The authors propose TIMING, which improves Integrated Gradients by introducing a temporality-aware segmented random masking baseline. Additionally, they design new evaluation metrics, CPD and CPP, to address the issue of positive and negative attributions canceling each other out in current time series XAI evaluations, outperforming existing baselines across multiple real-world datasets.

Background & Motivation

Existing time series XAI methods (such as FIT, Dynamask, ContraLSP, TimeX++, etc.) generally employ unsigned attribution schemes, focusing only on the magnitude of change in output after feature removal while ignoring the direction (i.e., whether the feature enhances or suppresses model predictions). This is undesirable in practical applications where users typically expect to distinguish between positively and negatively contributing features.
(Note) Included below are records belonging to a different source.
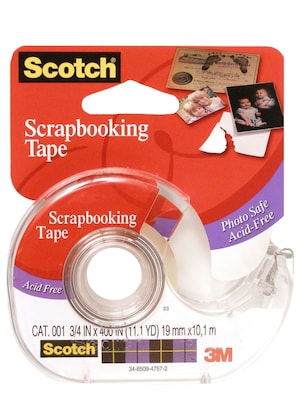 3M Scrapbooking Tape 3/4 In. X 400 In. Roll [Pack Of 4] (4PK-001) |  Quill.com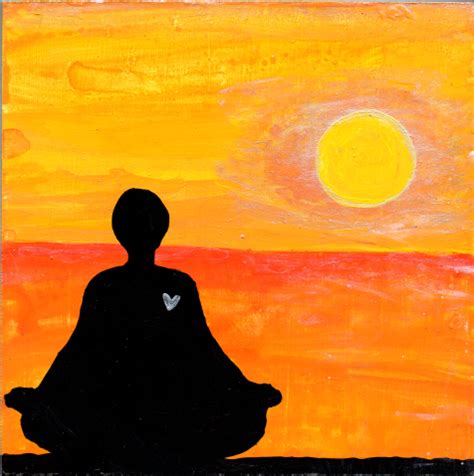 Meditación CUADRO Painting Human silhouette Art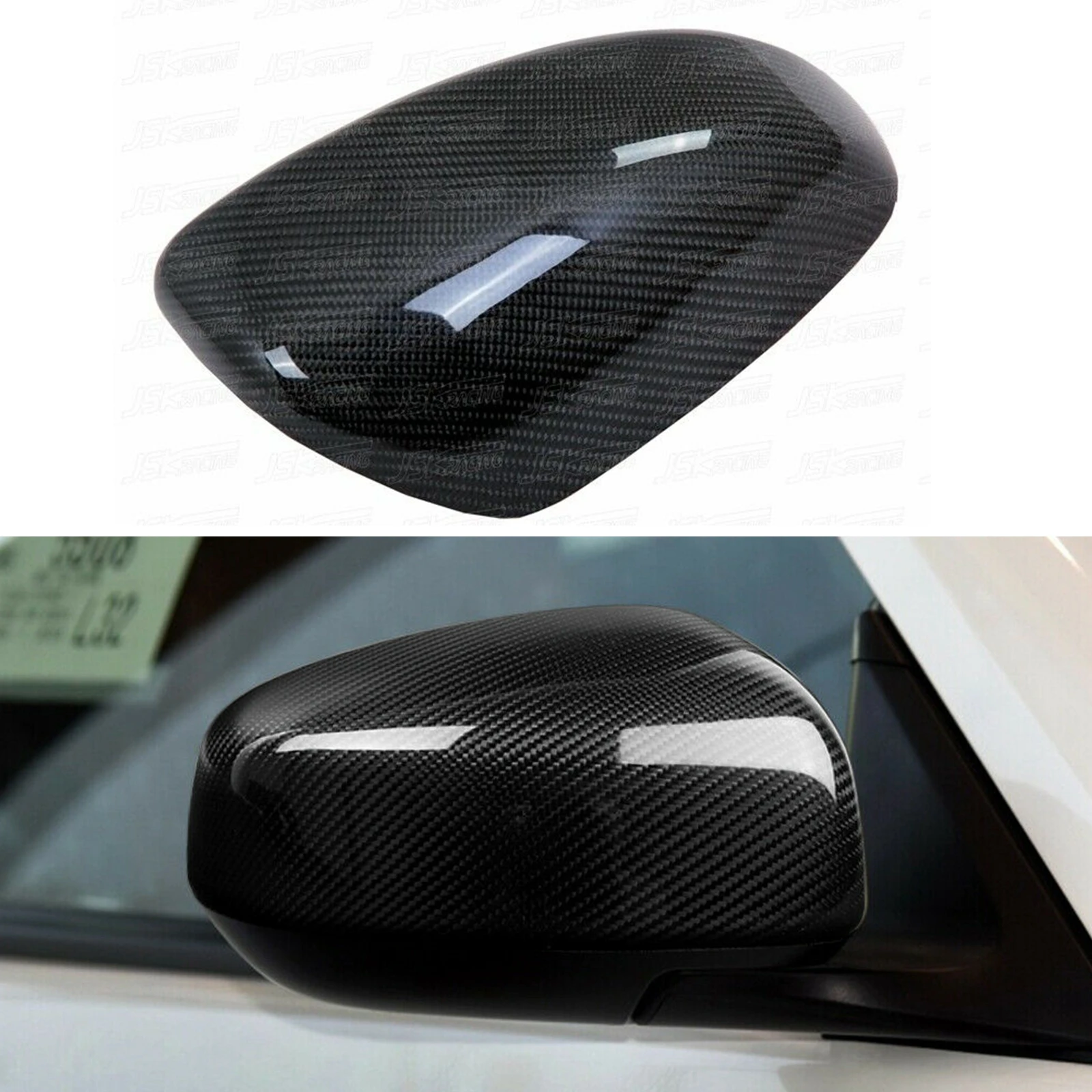 

Car Carbon Fiber Side Mirrors Cover For Nissa 370Z Z34 2009-2015 2010 2011 2012 2013 2014(JSKNS7Z09022)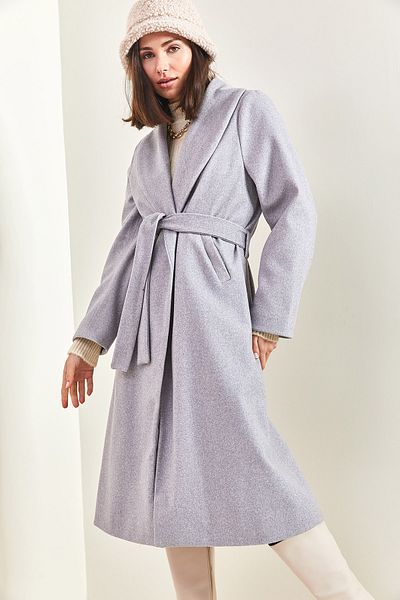 Bianco Lucci Women's Belted Cashew Coat 2173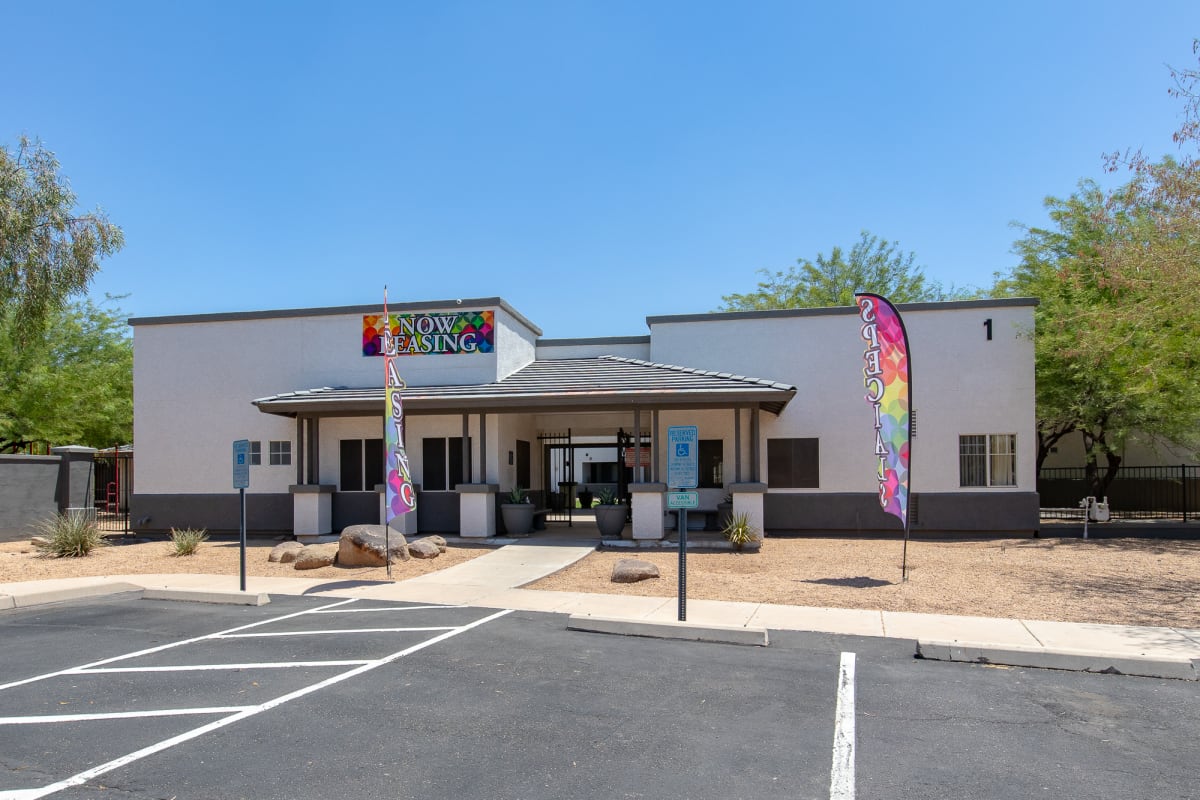 Building exterior at Agave Court.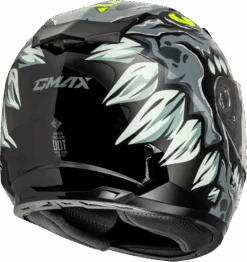 Gmax GM-49Y Youth Full Face Helmet Drax Graphic Grey Electric Shield -HJC Store e5c2 64dbee1ddb830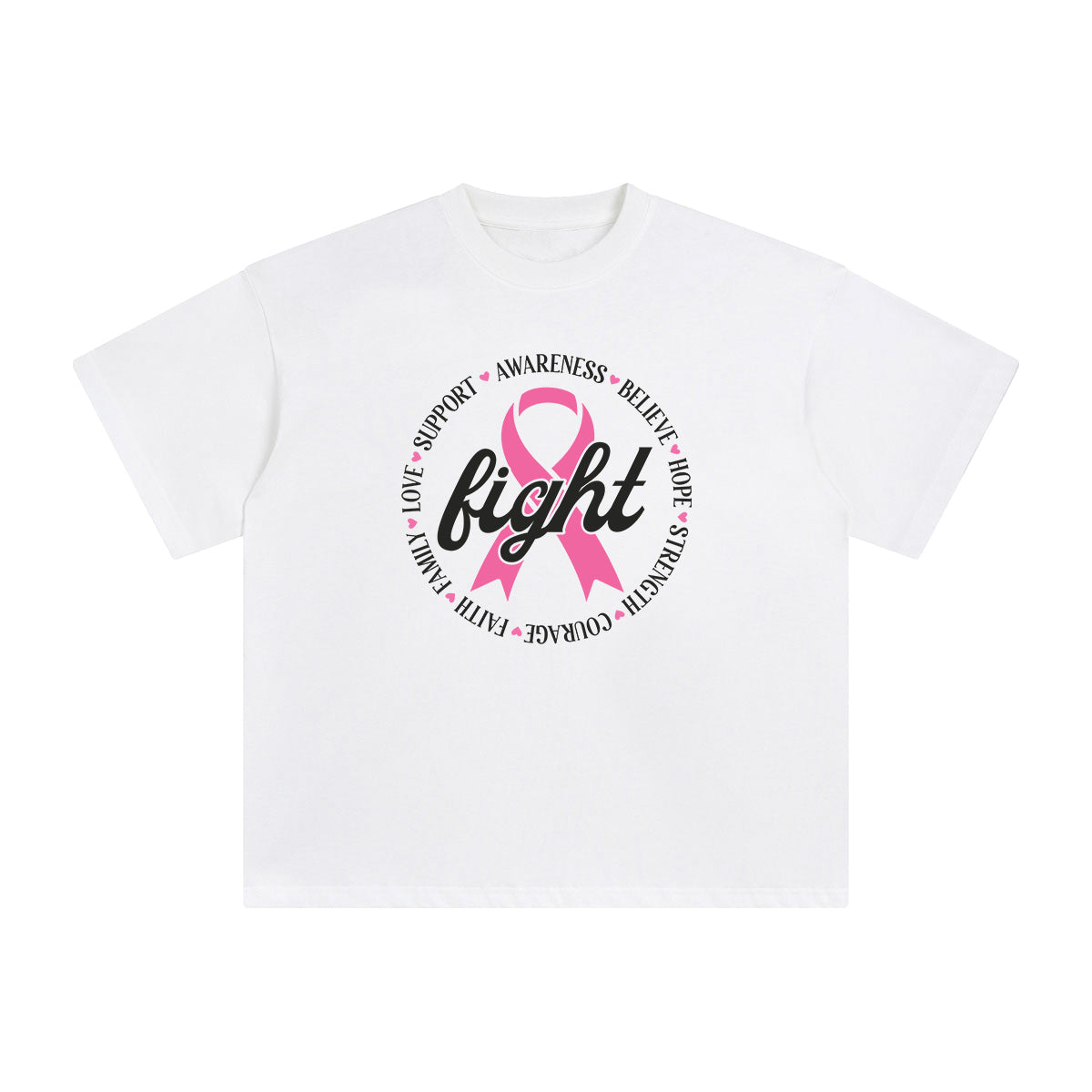 Breast Cancer Quote Graphic Tee-INNBLAC Fashion Apparel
A more critical issue is that the evaluation metrics themselves are flawed: the conventional approach measures prediction discrepancy after simultaneously removing the top-K important points. However, this "simultaneous removal" strategy leads to a cancel-out problem where positive and negative attributions offset each other. As shown in Figure 1 of the paper, an attribution method with poor ranking but consistent signs can score higher than a method with perfect ranking but inconsistent signs. This inadvertently biases the research community toward "sign-aligned" methods, while underestimating the true capability of signed methods like IG.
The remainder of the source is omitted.